Dazu zählt die Adaptierung des Handelsvertretergesetzes, das zum
Schutz der wirtschaftlich Schwächeren und Abhängigen geschaffen
wurde. In abgewandelter Form sollte es für alle Vertragshändler und
Franchisenehmer zwingend anwendbar sein - nicht nur durch Judikatur
und "Richterrecht" in Einzelfällen.Dazu würden Kündigungs- und
Investitionsschutz, Schiedsklauseln und all jene Bestimmungen, die
derzeit auf EU-Ebene in der Kfz-GVO verankert sind, gehören. Laut den
Vorstellungen des Kommissionspräsidenten José Barroso sollen künftig
entsprechende nationale Gesetze für den Schutz der KMUs sorgen.

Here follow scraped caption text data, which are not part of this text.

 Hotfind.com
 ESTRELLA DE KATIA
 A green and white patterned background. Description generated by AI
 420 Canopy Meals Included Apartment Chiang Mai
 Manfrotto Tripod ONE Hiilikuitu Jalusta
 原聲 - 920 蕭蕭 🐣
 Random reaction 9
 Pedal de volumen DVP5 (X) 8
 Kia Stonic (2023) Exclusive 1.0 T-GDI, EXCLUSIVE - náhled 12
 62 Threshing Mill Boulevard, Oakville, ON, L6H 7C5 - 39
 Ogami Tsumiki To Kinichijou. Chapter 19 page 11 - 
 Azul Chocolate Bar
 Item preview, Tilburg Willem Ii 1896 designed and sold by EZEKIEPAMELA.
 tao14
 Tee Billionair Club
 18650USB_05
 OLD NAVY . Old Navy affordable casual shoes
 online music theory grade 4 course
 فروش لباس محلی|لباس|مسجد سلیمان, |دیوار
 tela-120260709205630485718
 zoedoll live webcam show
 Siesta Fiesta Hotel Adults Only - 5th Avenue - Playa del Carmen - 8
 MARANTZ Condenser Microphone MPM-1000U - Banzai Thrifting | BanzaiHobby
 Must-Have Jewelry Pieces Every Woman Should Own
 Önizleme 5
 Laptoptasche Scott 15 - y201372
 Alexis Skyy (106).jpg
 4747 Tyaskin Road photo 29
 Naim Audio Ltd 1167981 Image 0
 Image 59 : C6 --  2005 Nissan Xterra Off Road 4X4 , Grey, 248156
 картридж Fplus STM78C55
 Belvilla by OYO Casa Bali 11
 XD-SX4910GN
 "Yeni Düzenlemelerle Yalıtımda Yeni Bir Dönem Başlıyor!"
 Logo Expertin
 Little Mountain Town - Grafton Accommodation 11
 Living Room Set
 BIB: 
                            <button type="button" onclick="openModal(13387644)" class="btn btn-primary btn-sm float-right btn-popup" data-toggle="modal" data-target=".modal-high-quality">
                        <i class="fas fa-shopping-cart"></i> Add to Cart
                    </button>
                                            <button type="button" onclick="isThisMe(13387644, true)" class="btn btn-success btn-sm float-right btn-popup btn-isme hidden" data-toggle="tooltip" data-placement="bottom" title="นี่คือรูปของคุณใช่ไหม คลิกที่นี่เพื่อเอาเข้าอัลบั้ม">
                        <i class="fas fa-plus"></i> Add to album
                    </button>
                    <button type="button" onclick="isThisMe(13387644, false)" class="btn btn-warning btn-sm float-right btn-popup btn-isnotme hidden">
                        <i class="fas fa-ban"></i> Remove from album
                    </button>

Dazu gehört auch, die Spielregeln zwischen mächtigen Großen und
ohnmächtigen Kleinen durch eine verstärkte Anwendbarkeit des
Allgemeinen Bürgerlichen Gesetzbuchs, das derzeit zwischen Kaufleuten
leicht ausschaltbar ist, in geordnete Bahnen zu lenken. Maßnahmen,
die eigentlich bei allen politischen Parteien auf offene Ohren stoßen
müssten. Die bevorstehenden Kammerwahlen wären da ein geeigneter
Zeitpunkt, dass die Wirtschaft der Ministerin bei derartigen
Aktivitäten hilfreich und konstruktiv zur Seite steht.